Segment Open

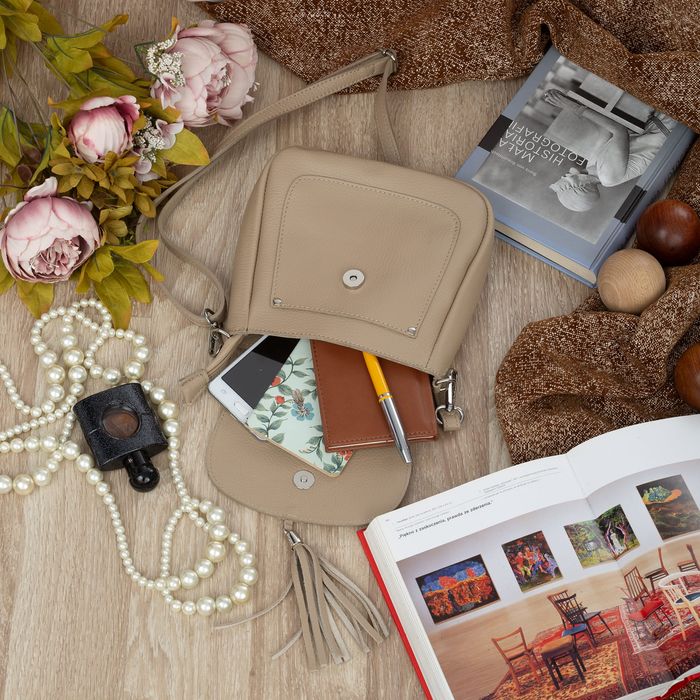 VERA PELLE torebka skórzana listonoszka na ramię z klapą V657 beżowa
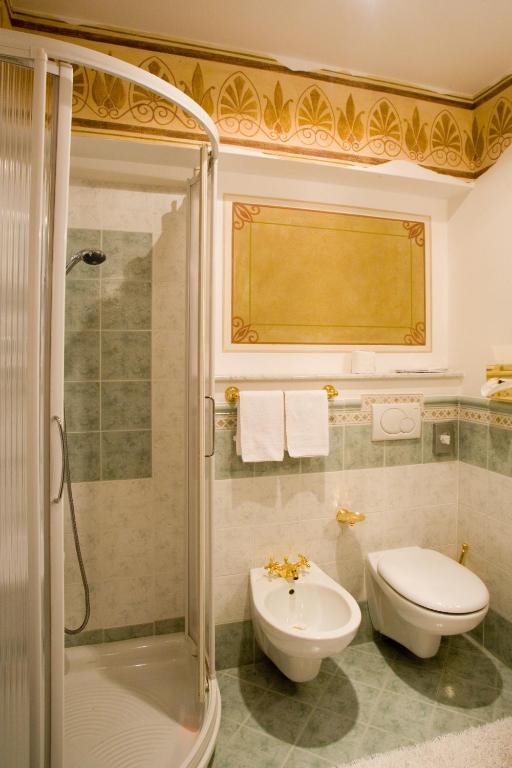 Hotel Leon D'Oro photo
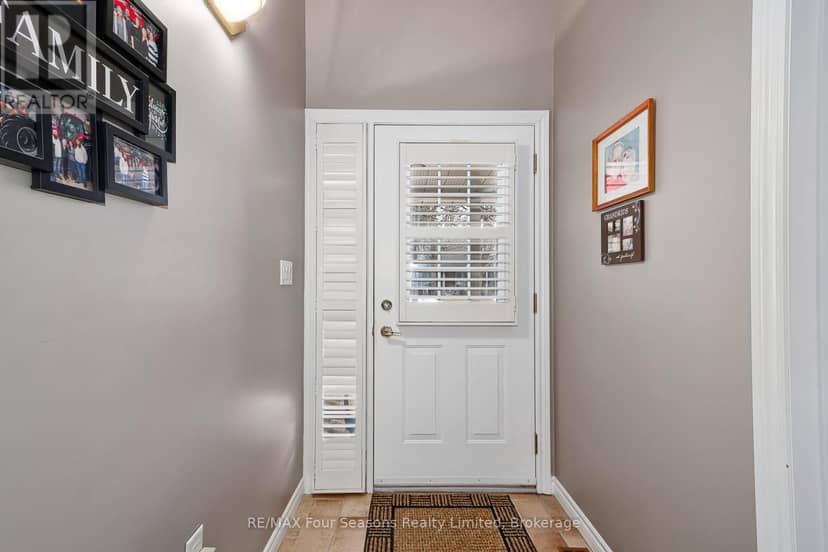 49 - 275 Huron Street — photo 7 of 39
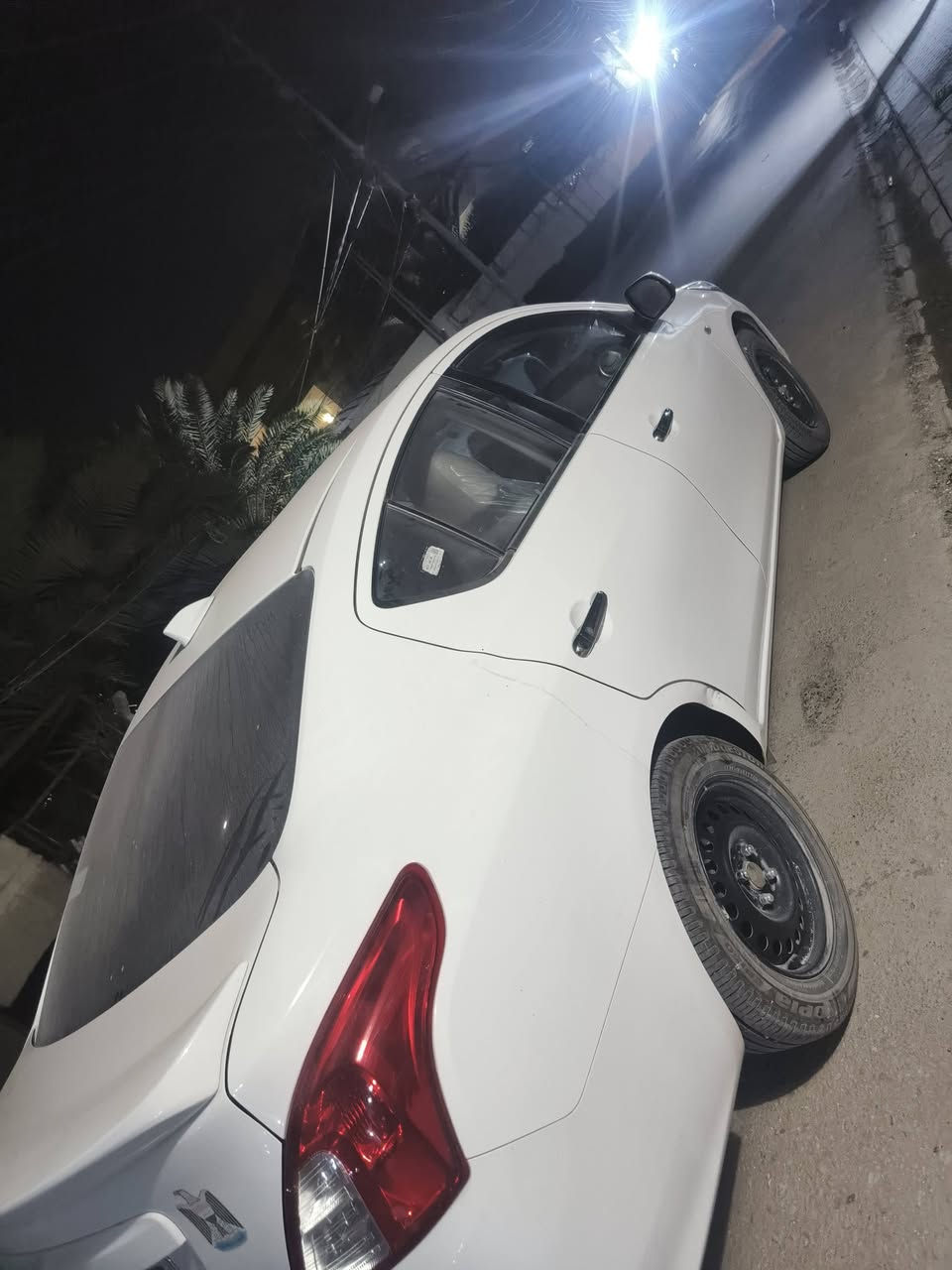 سلام عليكم نيسان صني هندي مديل 24 داخلة ضمان شركة السور مكفولة كفالة كاملة شرط ماشية ١٣ بعدها زيرو بيها مكفولة كاملة  دحجة  خفيفة وبس وباقي مكفول واي تفاصيل تريد سنوية باسم شركة عليها تسديد بنك ل٢٠٢٧  اطيك وكالة اطيك مكاتبة واستعمال نضيف كلة محسن اي تواصل رصيد واتساب***********. 125 مالت مستعجل
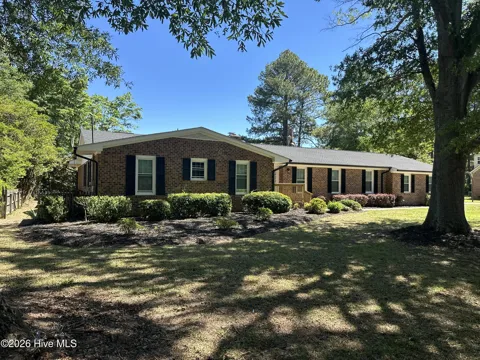 1304 Dogwood Lane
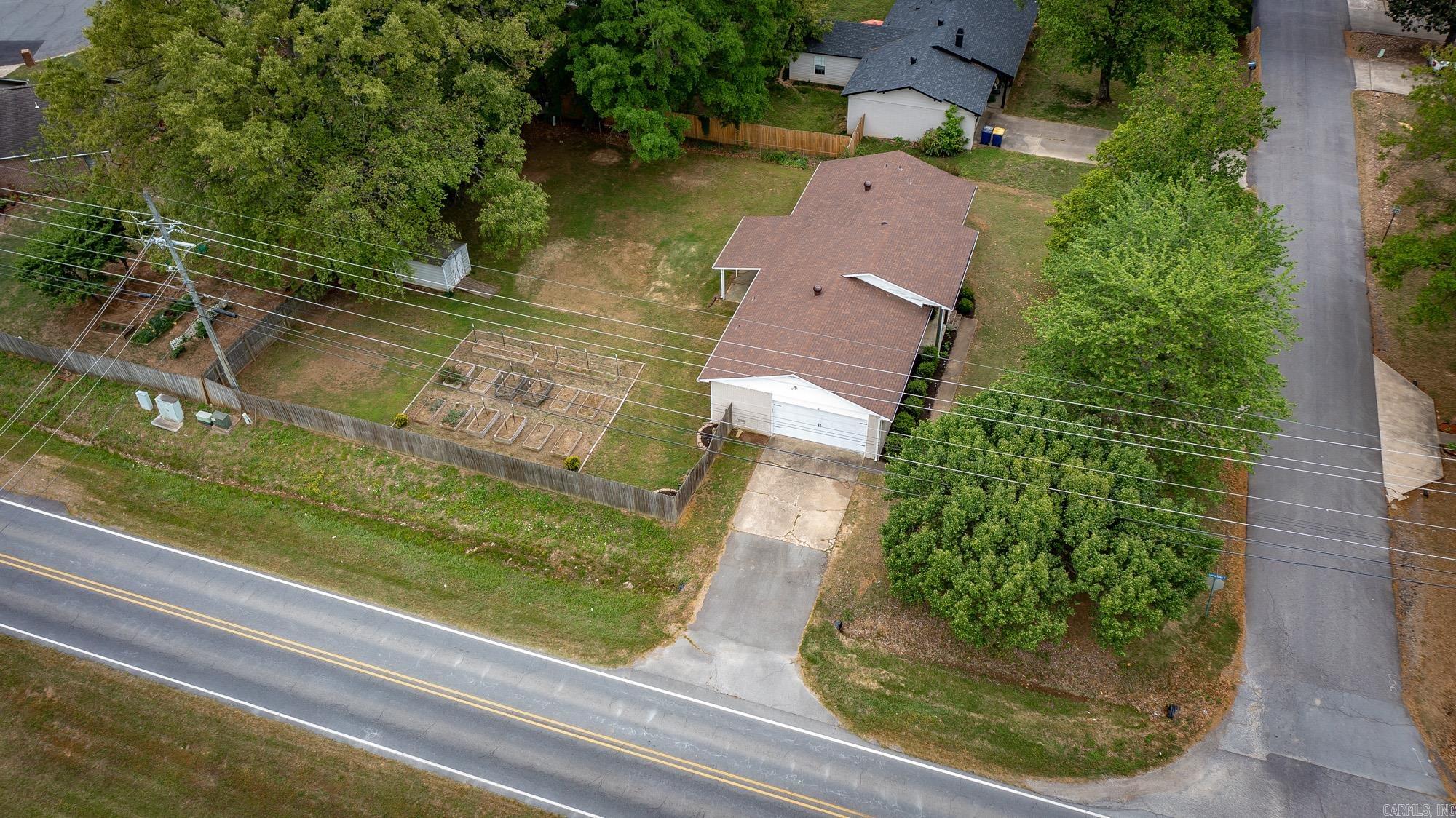 PINEWOOD ESTATES - Residential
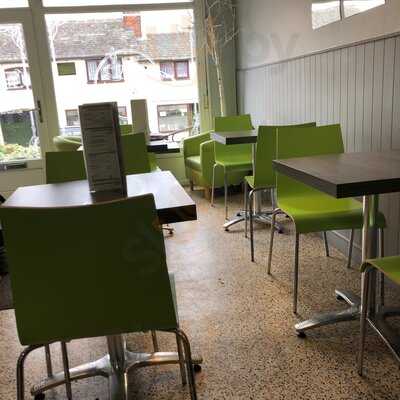 Brewsters Cafe And Cob Shop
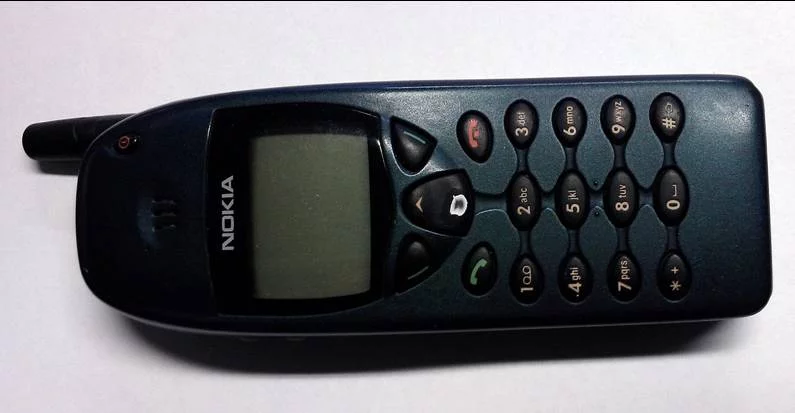 Nokia 6610 - pierwszy telefon komórkowy z grą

Segment Closed

Exercise: The entries above need to be transcribed word for word, and the pictures stay out.

Result of the exercise:
 VERA PELLE torebka skórzana listonoszka na ramię z klapą V657 beżowa
 Hotel Leon D'Oro photo
 49 - 275 Huron Street — photo 7 of 39
 سلام عليكم نيسان صني هندي مديل 24 داخلة ضمان شركة السور مكفولة كفالة كاملة شرط ماشية ١٣ بعدها زيرو بيها مكفولة كاملة  دحجة  خفيفة وبس وباقي مكفول واي تفاصيل تريد سنوية باسم شركة عليها تسديد بنك ل٢٠٢٧  اطيك وكالة اطيك مكاتبة واستعمال نضيف كلة محسن اي تواصل رصيد واتساب***********. 125 مالت مستعجل
 1304 Dogwood Lane
 PINEWOOD ESTATES - Residential
 Brewsters Cafe And Cob Shop
 Nokia 6610 - pierwszy telefon komórkowy z grą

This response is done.